TASK:
For the entries below, copy exactly the line that contains "Hi everyone, it's" through the line that contains "Welcome back to", both ends included, and exclude all pictures.

SUPPLIED MATERIAL:
+ + + + + + +
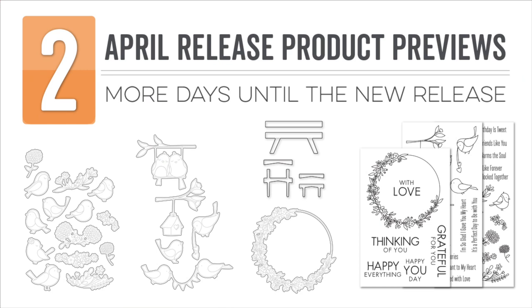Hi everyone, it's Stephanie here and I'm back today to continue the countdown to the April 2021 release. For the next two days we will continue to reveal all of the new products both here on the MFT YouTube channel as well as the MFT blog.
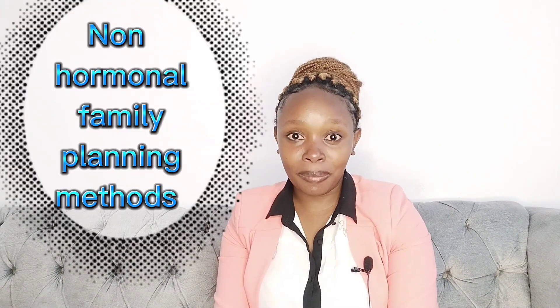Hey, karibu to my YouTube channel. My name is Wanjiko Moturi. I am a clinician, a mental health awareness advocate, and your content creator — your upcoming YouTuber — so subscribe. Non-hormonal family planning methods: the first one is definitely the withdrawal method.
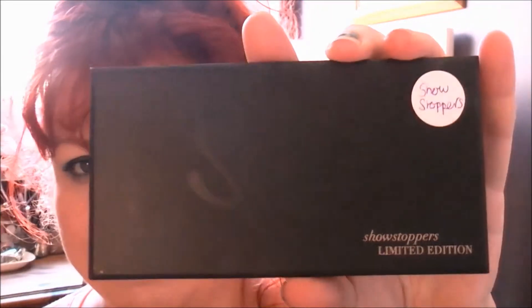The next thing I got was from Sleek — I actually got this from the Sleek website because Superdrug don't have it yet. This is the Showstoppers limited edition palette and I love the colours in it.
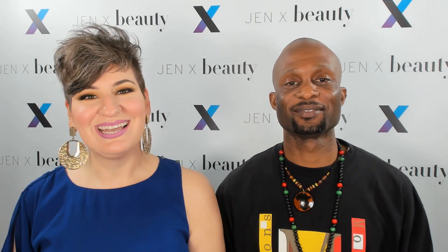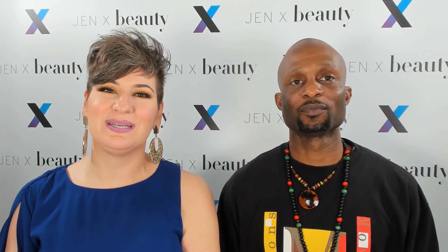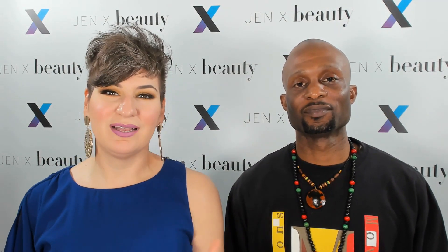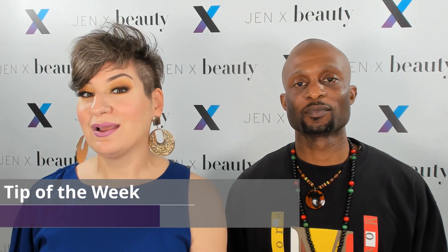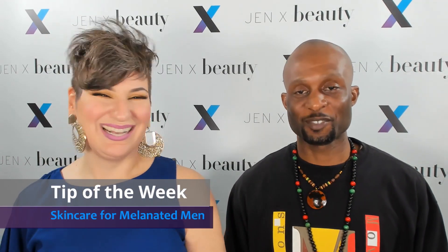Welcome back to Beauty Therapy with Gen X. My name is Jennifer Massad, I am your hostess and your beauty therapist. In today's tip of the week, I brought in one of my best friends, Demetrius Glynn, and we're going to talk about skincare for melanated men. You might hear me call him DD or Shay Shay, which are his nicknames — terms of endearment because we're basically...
+ + + + + + +
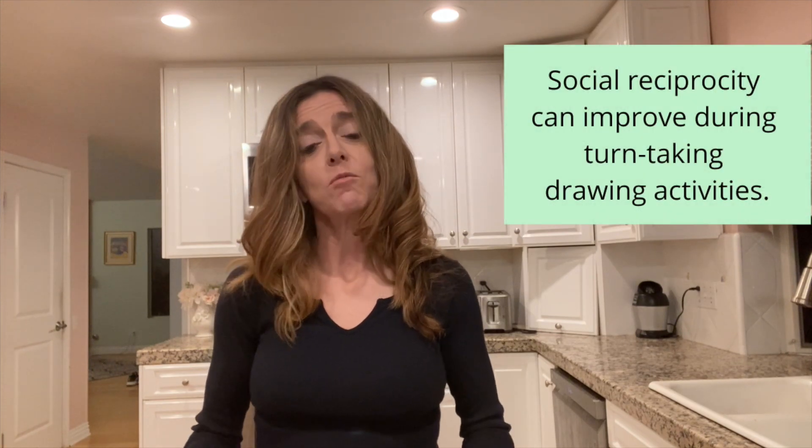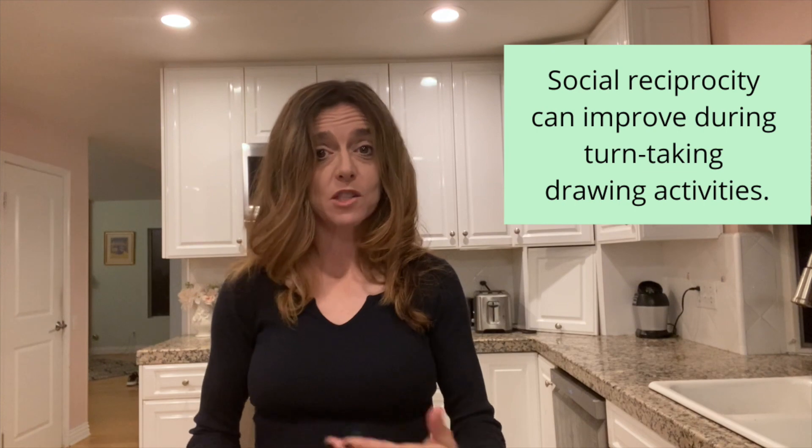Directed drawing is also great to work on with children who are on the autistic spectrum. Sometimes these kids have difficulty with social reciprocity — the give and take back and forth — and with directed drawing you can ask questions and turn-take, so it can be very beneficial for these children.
+ + + + + + +
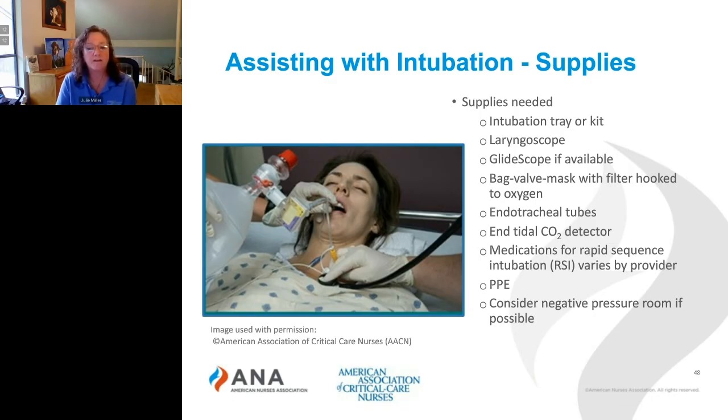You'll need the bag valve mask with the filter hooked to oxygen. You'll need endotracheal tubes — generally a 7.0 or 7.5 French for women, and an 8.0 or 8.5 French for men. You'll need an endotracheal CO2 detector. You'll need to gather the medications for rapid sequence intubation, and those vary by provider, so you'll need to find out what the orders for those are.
+ + + + + + +
RESULT FOR THIS TASK:
Hi everyone, it's Stephanie here and I'm back today to continue the countdown to the April 2021 release. For the next two days we will continue to reveal all of the new products both here on the MFT YouTube channel as well as the MFT blog.
Hey, karibu to my YouTube channel. My name is Wanjiko Moturi. I am a clinician, a mental health awareness advocate, and your content creator — your upcoming YouTuber — so subscribe. Non-hormonal family planning methods: the first one is definitely the withdrawal method.
The next thing I got was from Sleek — I actually got this from the Sleek website because Superdrug don't have it yet. This is the Showstoppers limited edition palette and I love the colours in it.
Welcome back to Beauty Therapy with Gen X. My name is Jennifer Massad, I am your hostess and your beauty therapist. In today's tip of the week, I brought in one of my best friends, Demetrius Glynn, and we're going to talk about skincare for melanated men. You might hear me call him DD or Shay Shay, which are his nicknames — terms of endearment because we're basically...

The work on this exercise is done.